Behindertenanwalt Buchinger: Spätabtreibung "schreiendes Unrecht"

6. Februar 2015 in Österreich


Früherer SPÖ-Sozialminister: "Am unerträglichsten ist die Vorstellung, dass wenige Stunden vor der Geburt ein lebensfähiges Kind mit einem Stich ins Herz getötet wird."


Wien (kath.net/KAP) Behindertenanwalt Erwin Buchinger hat seine Vorbehalte gegen die gesetzlich erlaubte Möglichkeit einer Spätabtreibung von Kindern wegen Behinderung unterstrichen. Er halte die eugenische Indikation für eine "schreiende Ungerechtigkeit und Diskriminierung, die es seit 1975 gibt und die einfach so hingenommen wird", sagte Buchinger in einem Interview der "Kleinen Zeitung" vom Donnerstag.

Die Katholische Aktion Österreich (KAÖ) hatte am Montag das auch in der parlamentarischen Enquetekommission "Würde am Ende des Lebens" vom Behindertenanwalt und früheren SPÖ-Sozialminister vorgebrachte Anliegen, hier eine Gesetzesänderung vorzunehmen, unterstützt. Nach geltender Gesetzeslage können im Mutterleib heranwachsende Kinder bei Vorliegen oder Verdacht auf körperliche oder geistige Behinderung bis kurz vor der Geburt straffrei abgetrieben werden.

Vor allem in der SPÖ gebe es "starke Vorbehalte" gegen eine Abschaffung der eugenischen Indikation, "was mir besonders wehtut, weil ich aus dieser Bewegung komme", sagte Buchinger. Besonders die SPÖ-Frauen fürchteten, "dass damit die Fristenlösung insgesamt unter Druck kommen könnte". Ausgeräumt werden könne diese Furcht, indem klargemacht wird, dass mit einer Gesetzesänderung nicht die Fristenregelung als ganze "ausgehebelt" werden soll. "Genau das rate ich meinen Freunden in der katholischen Kirche und anderswo", so Buchinger. In dieser Hinsicht nehme er "Bewegung wahr".
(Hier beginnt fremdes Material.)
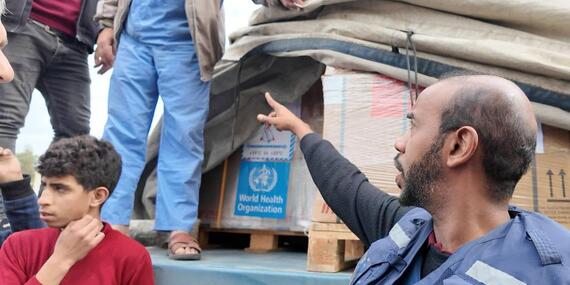 A man wearing a blue UN vest is pointing at a crate partially covered by sheeting on what appears to be the back of an open vehicle. Two men are standing on the vehicle. The exposed crate has a WHO sticker on it o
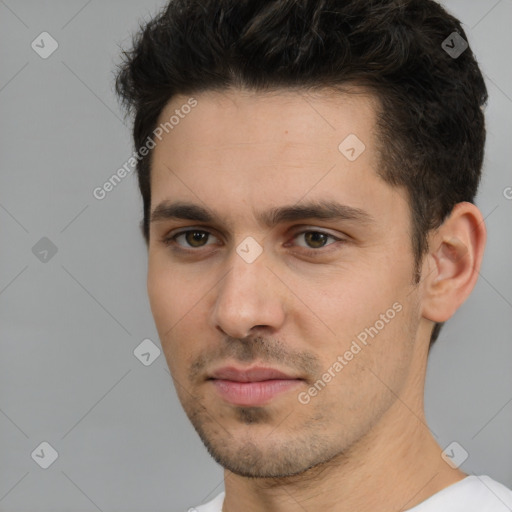 Joyful white young-adult male with short  black hair and brown eyes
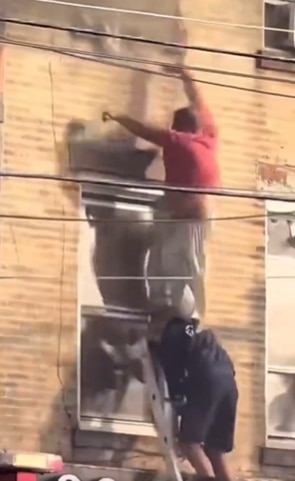 The firefighter who was atop the ladder was able to maintain his grip. Picture: X@dom_lucre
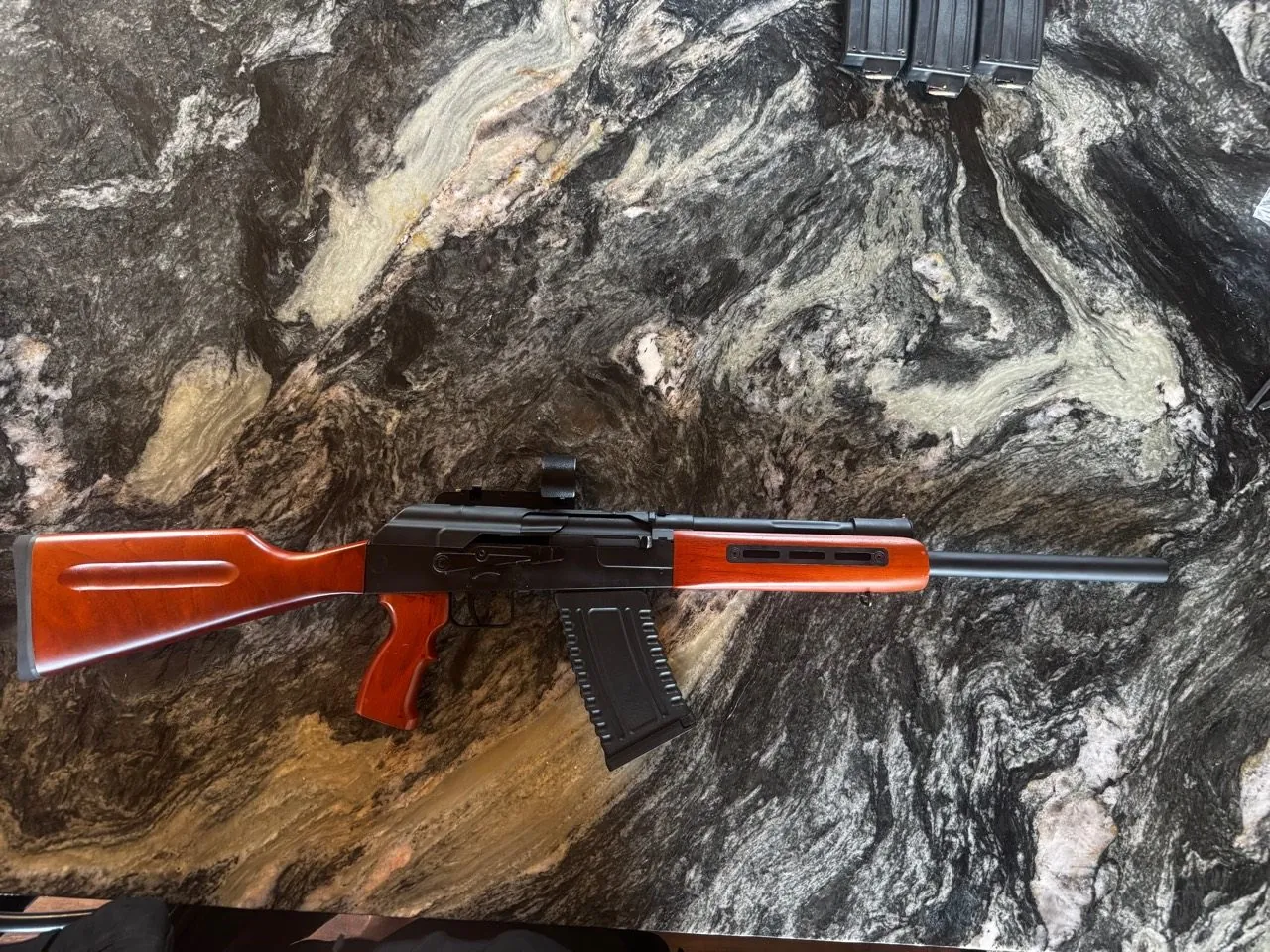 Saiga-12 pattern shotgun with wood furniture on a stone-pattern bench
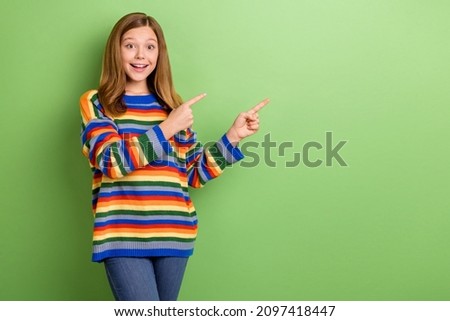 Portrait of attractive girly cheerful amazed girl demonstrating new novelty copy space isolated over bright green color background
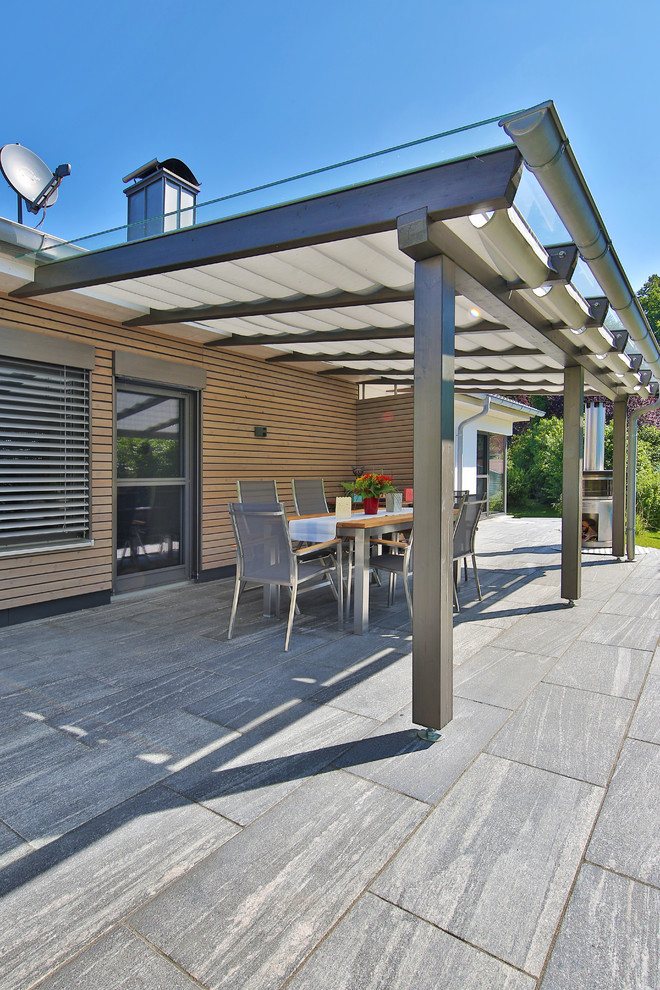 Immagine di un patio o portico minimal di medie dimensioni e nel cortile laterale con graniglia di granito e un parasole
Als mögliches Vorbild verwies der Behindertenanwalt auf die deutsche Regelung, wo eine Abtreibung nach einer Bedenkfrist von drei Tagen mit verpflichtender Beratung möglich sei. Er "verstehe, dass man mit dieser Frage ringt", und sei nicht dafür, die Hürden zu hoch zu legen, so Buchinger. "Ich bin selber Vater eines behinderten Kindes, es verändert das Leben. Wenn man sich ernsthaft damit auseinandersetzt und dann entscheidet, ich kann es nicht, macht es das für mich viel erträglicher." Dann sei es "kein Werturteil über behindertes Leben, sondern über einen selbst".
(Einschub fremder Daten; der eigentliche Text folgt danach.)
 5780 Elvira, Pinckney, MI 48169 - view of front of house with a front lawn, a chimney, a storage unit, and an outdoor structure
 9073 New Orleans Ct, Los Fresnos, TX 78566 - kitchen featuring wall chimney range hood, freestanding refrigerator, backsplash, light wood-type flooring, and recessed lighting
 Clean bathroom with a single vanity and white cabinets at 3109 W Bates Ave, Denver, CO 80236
Wenn schon eine Abtreibung erfolge, "dann möglichst früh", sagte Buchinger. "Am unerträglichsten ist die Vorstellung, dass wenige Stunden vor der Geburt ein lebensfähiges Kind mit einem Stich ins Herz getötet wird."

Behindertensprecher orten Diskriminierung

Auch ÖVP-Behindertensprecher Franz-Joseph Huainigg sieht in der deutschen Gesetzeslage ein mögliches Vorbild für eine österreichische Neuregelung. In den "Salzburger Nachrichten" (SN) hatte er am Dienstag auch kritisiert, dass in Österreich keine Statistiken über Schwangerschaftsabbrüche geführt werden; zumindest aus der Zahl der Spätabtreibungen sollte "kein Geheimnis gemacht" werden. Als "einfach unerträglich" bezeichnete es Huainigg, dass ein Fetozid bei bloßem Verdacht auf eine Behinderung per Herzstich erfolgen kann. Dies dürfe nur nach entsprechendem Entscheid einer Ethikkommission erlaubt sein.

SPÖ-Behindertensprecherin Ulrike Königsberger-Ludwig erklärte in derselben SN-Ausgabe, zweifellos sei die eugenische Indikation eine "Diskriminierung behinderten Lebens per Gesetz". Eine "wertfreie" Diskussion darüber sei nötig. Eine Abtreibungsstatistik kann die SPÖ-Mandatarin allerdings wenig abgewinnen: "Was sollte sich dadurch ändern?"

Die Katholische Aktion und viele andere Organisationen fordern seit Jahren die Streichung der eugenischen Indikation. "Kein Mensch darf über Wert oder Unwert menschlichen Lebens entscheiden", betonte KAÖ-Präsidentin Gerda Schaffelhofer am Montag. Sie appellierte an alle Nationalratsabgeordneten, "für dieses schwerwiegende Problem endlich ernsthaft Lösungen zu suchen". Die Fristenregelung insgesamt war in der KAÖ-Aussendung kein Thema.